I have never understood what people mean when they speak of self replicating machines that humans will build in the future The closest thing we know of that self replicates are tiny blood cells. They are living things though, AND they rely on fuel to replicate. To build a nonliving thing in the real world that self-replicates is hard enough, to build one that does so in space with questionable fuel sources is harder still. What have we got? Asteroid rock? Space radiation? The orginal replicator? I would. Also point out that the very idea of smelting metals and manufacturing inanimate stuff in space has been well researched. The research indicates that without bringing suitable resources with you from elsewhere, you can never just 'live off the land' so to speak building whatever you want. Like to make many metal that are useful they need to be alloys, and finding a roid with everything you need? You won't know till you dig, and I doubt it will be that convinient either. Given tgat roids are not like earth rock. Like I can't write this off as completely impossible, but it certainly is nigh up there.

Thanks. Who knew?

I will tell you what I would do with a 1g or higher constant acceleration spaceship. 1. Put probes on every world in the solar system that we know about. Recieve video feed and download it and return it back to Earth upon completion. 2. Put a sub on Europa to explore it's rumored ocean beneath the ice. My gut tells me that it is probably just a bunch of watery lakes and not all over. 3. Nuke Mars... put explosion on video feed for later Earth entertainment consumption. Less for science and more just because I have the power to do silly things and will. 4. Explode a nuke in deep space for same reason. 5. Find out how many nukes it takes to blow up a large asteroid rather than just blow it off course. Answer: A lot.
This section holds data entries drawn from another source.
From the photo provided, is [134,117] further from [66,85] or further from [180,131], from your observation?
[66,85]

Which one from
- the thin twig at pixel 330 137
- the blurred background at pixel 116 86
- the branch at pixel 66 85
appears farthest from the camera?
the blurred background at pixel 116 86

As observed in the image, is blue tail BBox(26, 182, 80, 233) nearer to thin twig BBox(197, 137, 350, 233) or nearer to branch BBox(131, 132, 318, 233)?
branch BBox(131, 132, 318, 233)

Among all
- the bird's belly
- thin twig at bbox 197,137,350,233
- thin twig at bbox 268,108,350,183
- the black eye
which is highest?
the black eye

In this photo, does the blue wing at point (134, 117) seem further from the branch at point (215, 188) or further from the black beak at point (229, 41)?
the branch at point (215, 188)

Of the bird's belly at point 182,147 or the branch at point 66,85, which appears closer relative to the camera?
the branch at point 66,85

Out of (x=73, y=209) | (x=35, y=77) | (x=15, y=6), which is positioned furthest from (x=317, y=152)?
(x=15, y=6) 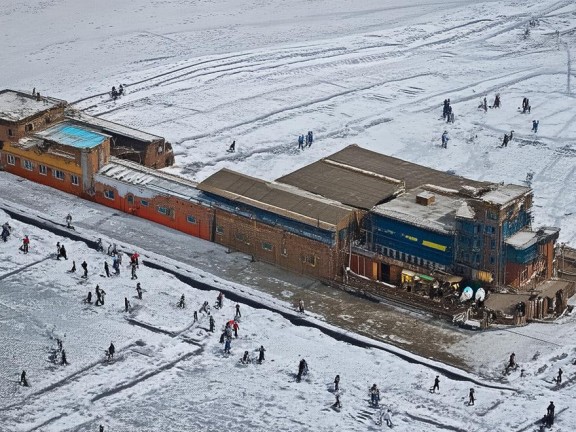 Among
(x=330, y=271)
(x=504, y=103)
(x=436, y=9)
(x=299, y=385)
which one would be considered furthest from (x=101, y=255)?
(x=436, y=9)

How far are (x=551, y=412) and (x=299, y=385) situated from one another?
1219 cm

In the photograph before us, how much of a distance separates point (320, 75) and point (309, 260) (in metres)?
40.0

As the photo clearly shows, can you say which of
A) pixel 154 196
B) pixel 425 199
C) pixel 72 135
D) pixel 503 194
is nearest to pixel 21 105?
pixel 72 135

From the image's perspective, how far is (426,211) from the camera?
7362cm

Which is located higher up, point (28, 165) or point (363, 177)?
point (363, 177)

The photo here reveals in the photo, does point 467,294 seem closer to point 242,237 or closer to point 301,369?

Real reason I'm doing this: Besides the awesome nuclear video clips, I will be reducing mankind's nuclear stockpile in the name of entertainment.

Thank you, your real life experiences with cats will prove invaluable to my worldbuilding. Regarding eyes, I was more likely just to use round pupils like lions have (more color variety though). I figure if little cat eyes were advantageous for big cats... they would be equipped with them. Animals are built quite logically to be optimized for whatever they do. Cat eyes are ideal given their high jumping feets, whereas bigger cats hardly ever jump as high by comparison since it would hurt if they did. So in conclusion, a humanoid cannot jump like a cat in 1g, so pure cat eyes are not an advantage, although having round ones with full color vision and night vision mode could prove useful. With the handicap that they are shortsighted since I don't want them to ovetpowered with my worldbuilding. So cat hearing will be a boon, especially in low light situations. Regarding eyesight, I know in darkness they can see quite well due to the 'inner mirrors' their eyes have behind them. Combined with sound location they no doubt could find prey or companions in the low light conditions with ease. Ironically, humanoid cats are not built as killing machines by any measure, any more than human bodies are, what they are naturally built for thanks to greater range of hearing and scent is detection of other life forms. Which means they make excellent scouts and whatever work requires stalking other living things, whether for killing and eating or simply search and rescue or curiousity.

Essentially why cat-people are anything but practical. And the inverse of what twain said is also true... a cat-man ruins the man. A cat's visual acuity is anywhere from 20/100 to 20/200, which means a cat has to be at 20 metres to see what an average human can see at 100 or 200 metres. Cats seem to be nearsighted, which means they cannot see far objects as well. The ability to see close objects would be well-suited for hunting and capturing prey. Which means anything past that blur of a figure. Cat hearing has more range, which also means some sounds are less distinct, while others are more so. And smell? Does a human really want scent that good LOL? That includes knowimg WAYY more about people around you that you may or may NOT wanna know. Like: That person did number 2 not long ago, that person ate mexican food earlier, and I know what that person did earlier. You literally have to cherrypick the abilities you want while leaving out others.